Is corn becoming too expensive to plant?

That's a question many area corn farmers are asking this spring as high natural gas prices send the price of nitrogen fertilizer sky rocketing. A situation that is compounded by a depressed corn market.

Natural gas accounts for more than 80% of the production costs for anhydrous ammonia (at 86% nitrogen), a common source of nitrogen fertilizer. The current price of natural gas is about four times higher than prices one year ago, causing nearly half the country's fertilizer plants to halt production. It is more economical for fertilizer plants to resell their natural gas supplies instead of producing ammonia, creating the potential for a fertilizer shortage. It also makes it difficult for farmers and their suppliers to plan for spring.

Mike Holtkamp, who owns a farm north of Donnellson, plants 315 acres of corn and 330 acres of soybeans but admits the outlook for the corn crop is pretty dim.

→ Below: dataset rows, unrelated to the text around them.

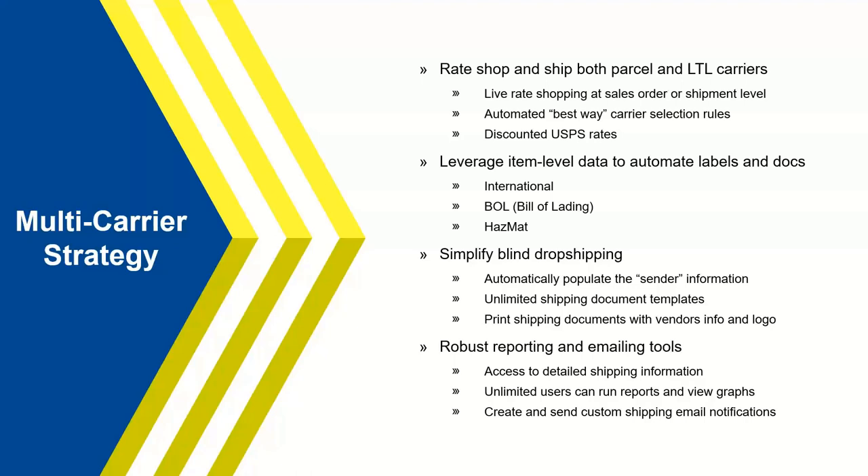With shipping documents like packing lists, we can create unlimited templates and set up printing rules on those templates. A customer could have a special packing list with a vendor's information and logo, and those get triggered with those printing rules.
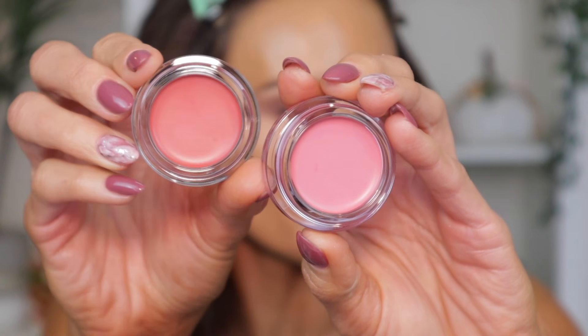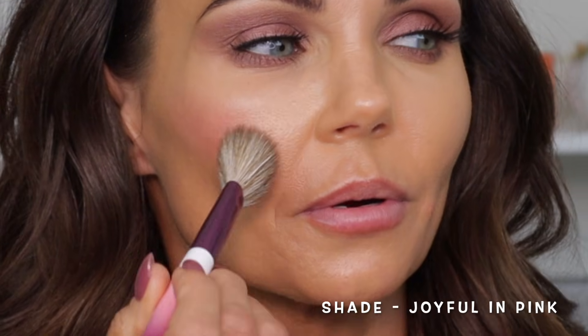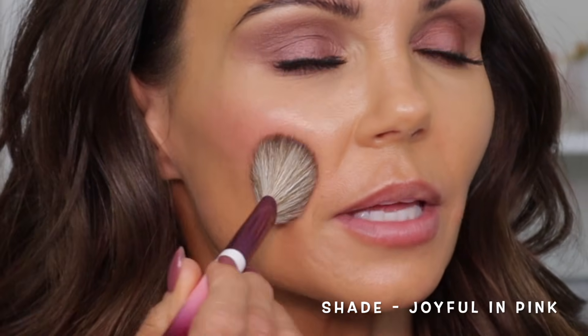So this is Joyful in Pink and this is Warmth Magic — you can see this one's a little bit darker. I need a clean blush brush. I'm going to use the Smith 157 brush, which is new. I'm going to grab Joyful in Pink, number 202 — oh, that's pretty!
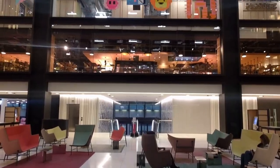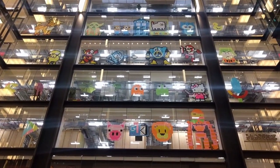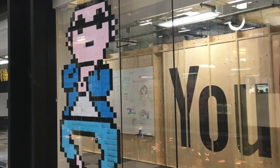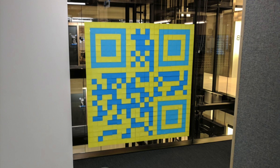The Google office in London has dozens of mosaics overlooking the main atrium. Each mosaic is made up of hundreds of post-it notes of different colors. Some are recognizable, others are obscure, and this one will get you rickrolled.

"There's not a lot of optimism about grain prices increasing this year," he says in a phone interview. "Last year corn sold for $1.80 to a $1.90 a bushel. The chance of the price going up is pretty slim. It's going to be hard to justify (planting corn); more will switch to soybeans."

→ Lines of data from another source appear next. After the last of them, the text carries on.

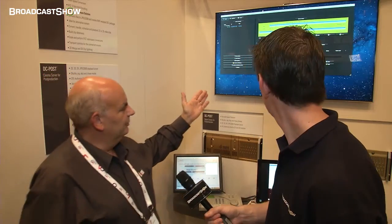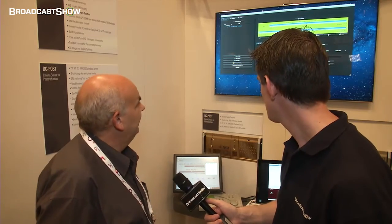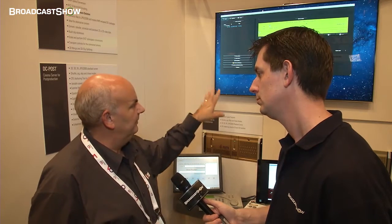At another area of the stand, they're showing the new mastering suite called the CineAsset 6X, which is a complete integrated software suite for mastering including encryption and KDM generation. It's available as a complete software suite on both PC and Mac, and also as a plugin for Final Cut. The idea is to provide a very affordable solution for DCP mastering, including for people working in non-linear editing.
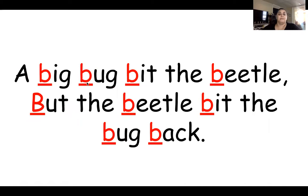A big bug bit the beetle, but the beetle bit the bug back. Listen carefully. I'm going to say it a little faster — a big bug bit the beetle, but the beetle bit the bug back. What sound do you hear the most?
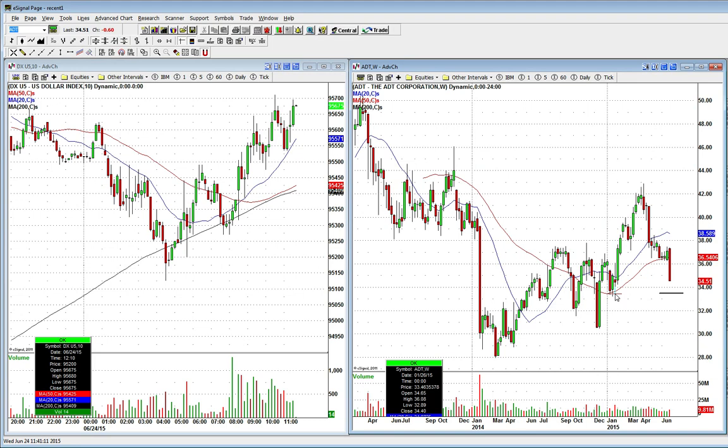Once again, that should be pretty significant support in the near term. With that being said everybody, come on over to the Research Center. You can see these trades and others that we're going to pull off each and every day.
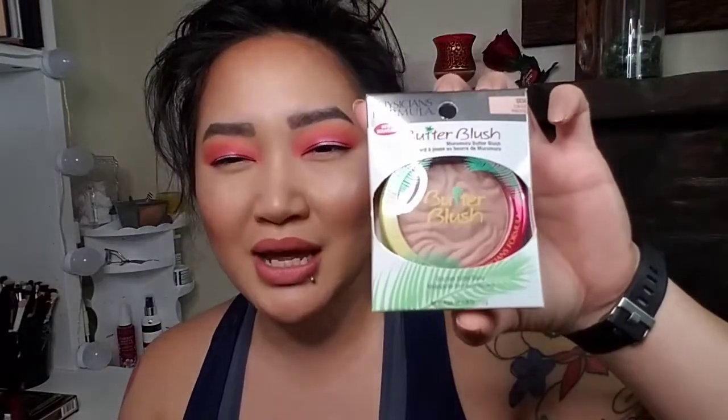Then I have this Physician's Formula Butter Blush in Plum Rose. I think it's just a nice subtle blush.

Soybean plants take nitrogen from the air and store it in root nodules which release the nitrogen back into the soil. This is one of the reasons why farmers rotate their soybean and corn crops: What the corn depletes, the soybeans add back. Soybean fertilizer contains very little nitrogen, especially when compared to corn fertilizers.

Last year anhydrous ammonia and other liquid fertilizers cost between $220 and $240 a ton. "At $200 a ton, it would cost me about $45 an acre. Or 150 to 200 pounds of N an acre," says Holtkamp.

Something that puzzles Holtkamp and other farmers is why there was a nitrogen "shortage" at $250 a ton but now that it's over $400/ton, there's no shortage of available nitrogen.

"It's definitely going to be a problem," he said.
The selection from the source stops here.